Now comes a curious mini-lecture
on the recent history of “capitalism,” centering on its catastrophic 1980
crisis:
“Well,
what happened in the last ten-fifteen years is that capitalism underwent an
enormous, murderously destructive catastrophe. There was a serious
international crisis around 1980. Of the three major sectors of state
capitalism, the German-led European community, the Japan-based sector, and the
U.S.-based sector, the German- and Japan-based sectors pulled out of the
decline, but without regaining their previous rate of growth. The United States
also pulled out, but in a very distorted fashion, with huge borrowing and very
extensive state intervention.... The rest of the world did not pull out,
especially, in the Third World. There was a very serious crisis, amounting to a
catastrophe in Africa, parts of Asia within the Western system, and Latin
America. That’s what is called the crisis of the South, and it is a catastrophe
of capitalism.”
What follows now is Chomsky’s
take on the latter-day problems of the Soviet Union, leading to its collapse,
on which matter a separate discussion could be had, but I keep his quotation
rolling on, for the sake of his thought’s continuity.
Now in
the Second World of the Soviet Union’s dominance there was also economic
collapse, a stagnation of the command economy system, which has even less to do
with socialism than our system has to do with capitalism. This was combined
with nationalist pressures for independence and social pressures attacking the
tyrannical system, which, by the early 1980’s, turned into the crisis that has
now become the collapse of the Soviet Union.
All this
had little to do with Western policy, but primarily with internal problems, and
also with the general crisis of debt to the West. And there was a crisis of
Soviet production, though again not as severe as in the Third World. It is a
victory for the West in the Cold War, but that outcome was never seriously in
doubt, if you look at the relative economic and other forces.

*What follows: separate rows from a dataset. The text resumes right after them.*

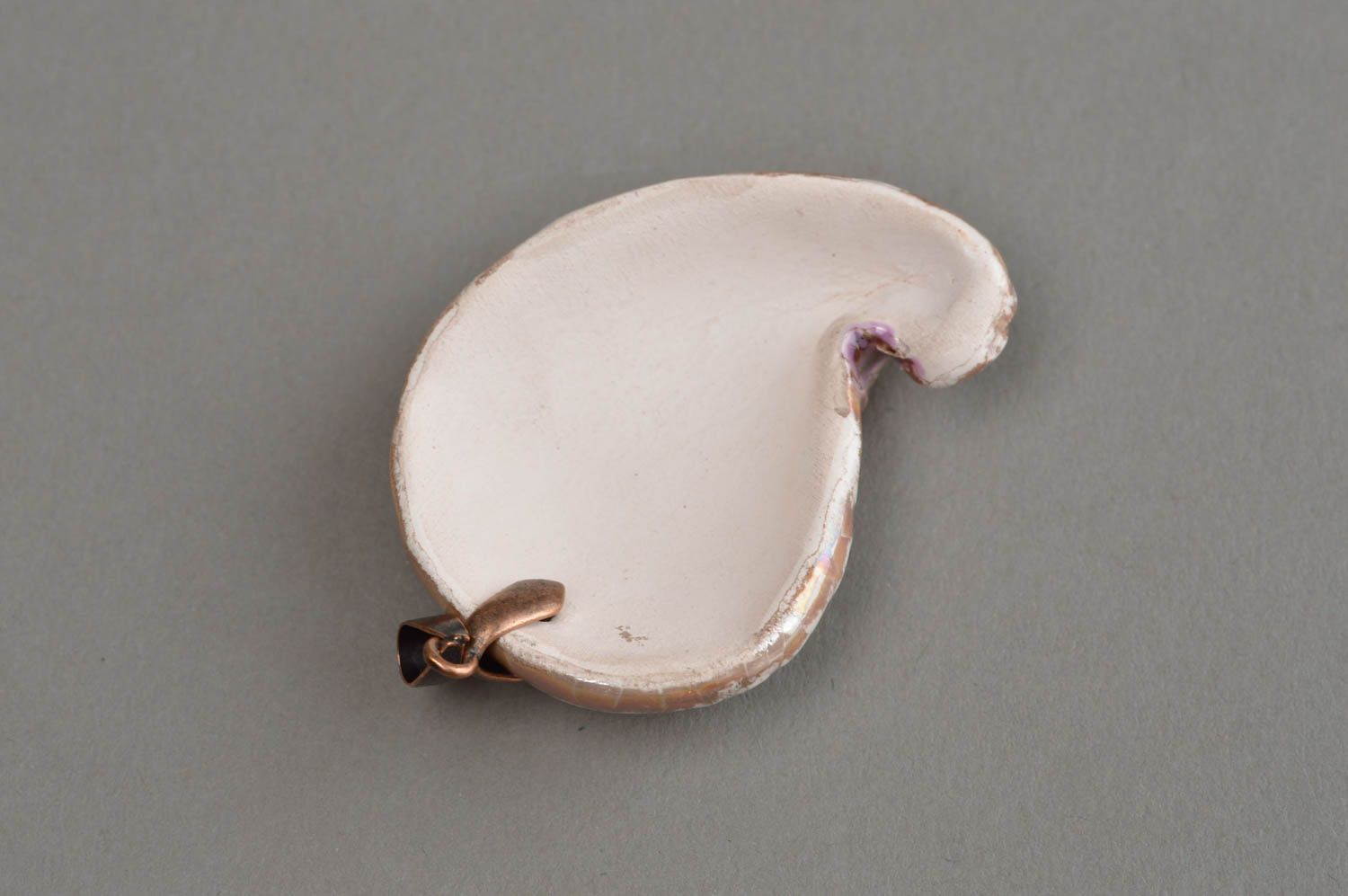Handmade beautiful pendant cute ceramic accessory jewelry in shape of mussel photo 4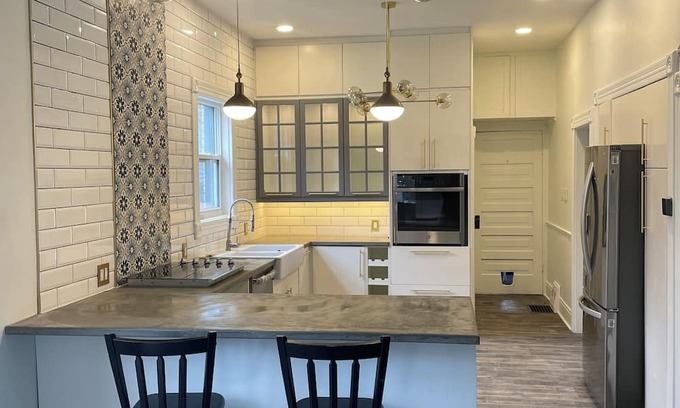 London Maison | Wonderful 3-bedroom house in Old East/Kelloggs Entertainment District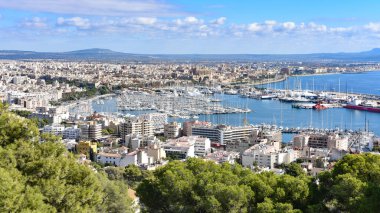 Palma de Mallorca, İspanya - 8 Kasım 2022: Castell de Bellver 'den Palma' nın panoramik manzarası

It should be seriously argued
whether the collapse of the Soviet Union was a victory for the West or a blow
of historical proportions to its international stability and security. However,
I am not criticizing Chomsky in this instance, as the point that he is making
is made in passing, and, apparently, in a very limited sense. Moreover, the
next sentence brings in a perspective, which is, perhaps, sufficient to draw
certain negative implications from the “victory” in question: “The victory of the West in the Cold War is combined with (!!!) both this enormous
catastrophe of capitalism, and with the move toward one kind or another of
state-interventionist forms. As an example, the Reagan-Bush administrations are
the most protectionist since World War II, doubling the percentage of imports
subject to various forms of restriction.”